Tuesday, August 16, 2011

Fictional interview w/Annie Dillard

Nancy Griesinger J. Pahl Fall 1995
Creative Writing Assignment: PROFILE: Annie Dillard
due before Dec.21, l995




Annie Dillard's voice, when reading her essay "Total Eclipse", moves with dignity and passion over the well-chosen words. The expression on her face is expectant as if someone were whispering in her ear. She seems to be listening to her own words as intently as the audience.

She reads from her book, Teaching A Stone To Talk, as if she is in awe still today, of the moment in 1979, when she and her husband stood on that Yakima hilltop in the center of Washington state watching that total eclipse.

She stands in front of us reading, and for a brief moment looks small and quite ordinary. Light glances off her blond hair and bounces around the room. You can feel the electricity. Her words are like bits of sunlight shooting through a prism. As insight overtakes us, we realize we are in the presence of greatness.

I am in awe of this writer and still cannot believe that she has consented to be interviewed by me. I leveled with her when I called, saying I had attended her lecture and as part of my assignment was supposed to interview someone and would she mind terribly, could she possibly...I stumbled over my words like a nervous child. She said she was flattered and consented, and with a giggle (a giggle!) invited me to her home the next day.
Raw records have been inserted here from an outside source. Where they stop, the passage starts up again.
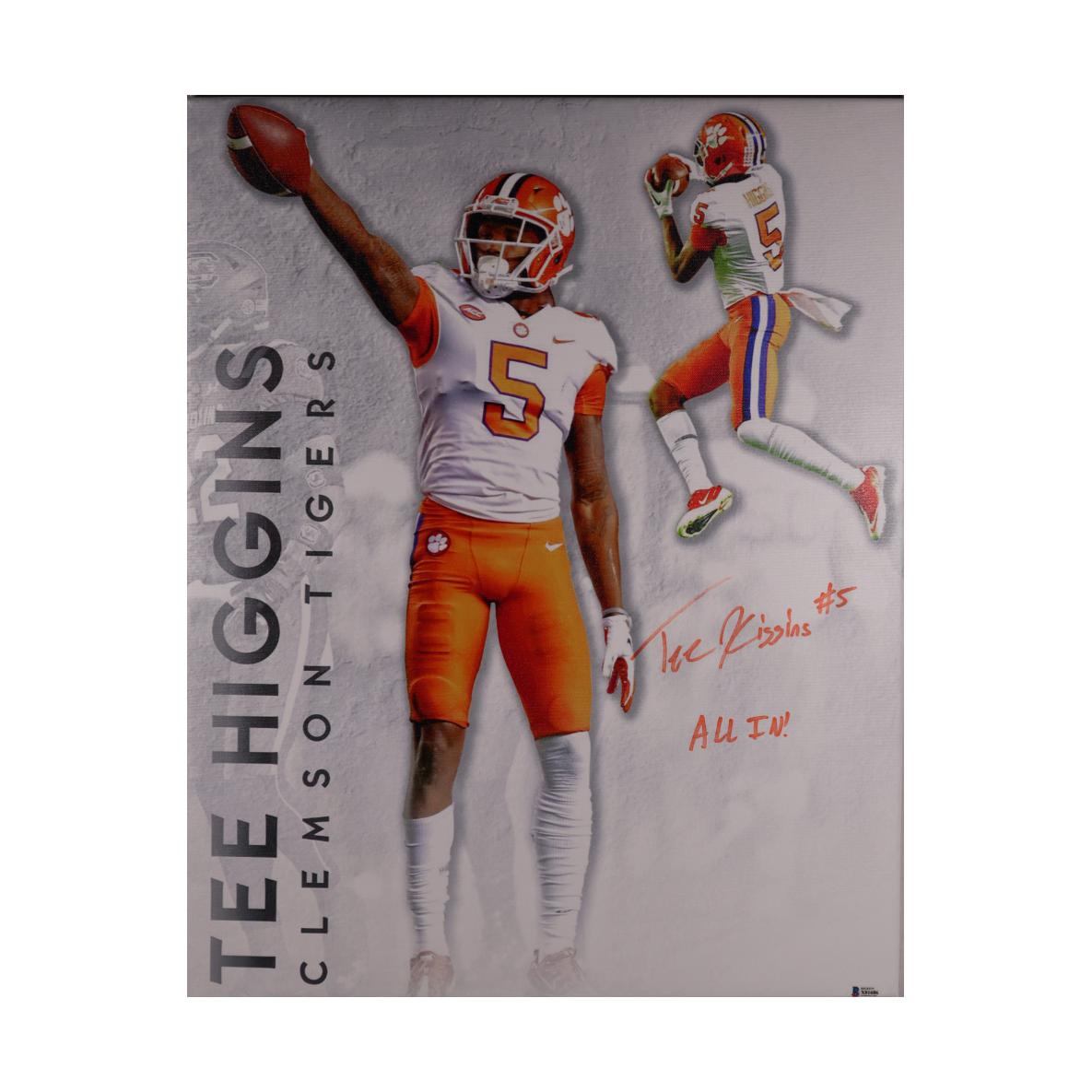 Tee Higgins Signed 20x24 Stretched Canvas Clemson Tigers Jags Autographed JSA 2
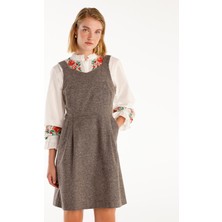 Yargıcı Pile Detaylı Kısa Elbise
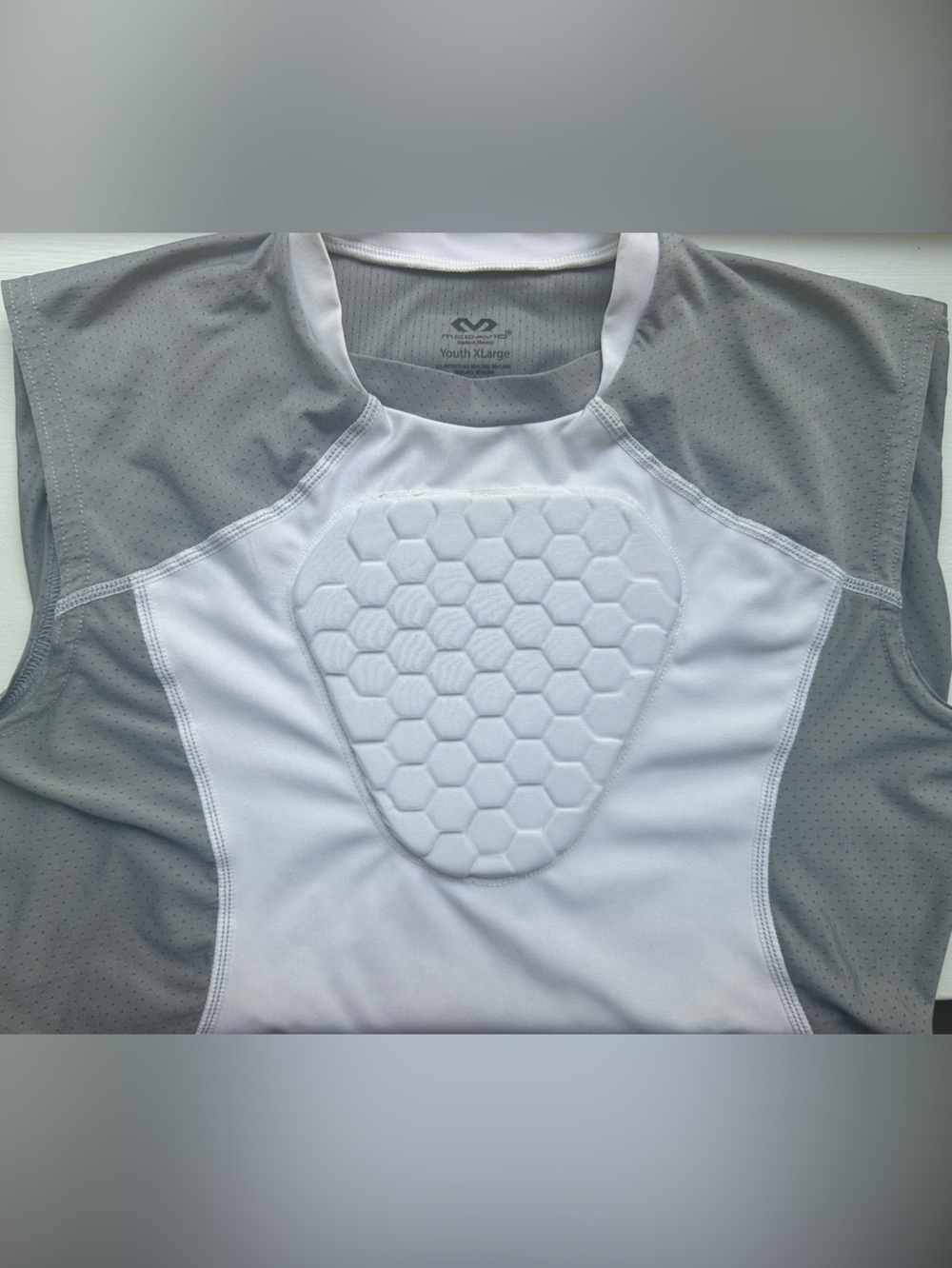 McDavid Chest Protector Youth XL Athletic Shirt in Gray & White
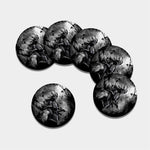 Dark Samurai Warrior Print Leather Coaster Set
Ms. Dillard has been called a nature writer, and indeed she is a keen observer of the natural world, but she does not limit herself to watching plants grow or the sky darken. What Annie Dillard does so well, is to hone in on the effect these matters might have on the human soul.

Born in 1945 in Pittsburgh, Pennsylvania, Dillard received her Bachelor's Degree from Hollins College in 1967, and her Master's from the same school the following year. She is a vivacious blond and a lively conversationalist, peppering her sentences with profanity as readily as she tosses in Biblical quotes. She gives you the impression that in and around all of the seriousness, this is one woman who is having a ball.

In writing "Total Eclipse", Ms. Dillard admits to taking her lead from Faulkner's, As I Lay Dying. She wanted to retell one moment of experience, she says, "through differing layers of consciousness." She hoped to retell that one moment over and over again, "because", she explains, "consciousness and the danger of dabbling in the irrational was the true subject of the essay."

Despite the fact that she edited The Best American Essays of 1988, Dillard does not consider herself to be a writer of essays, but rather, "a writer of prose." In her introduction to that publication, she speaks positively in regard to the genre. "The essay can do everything a poem or short story can do - everything but fake it." She says she has published only one book of essays herself: Teaching A Stone To Talk.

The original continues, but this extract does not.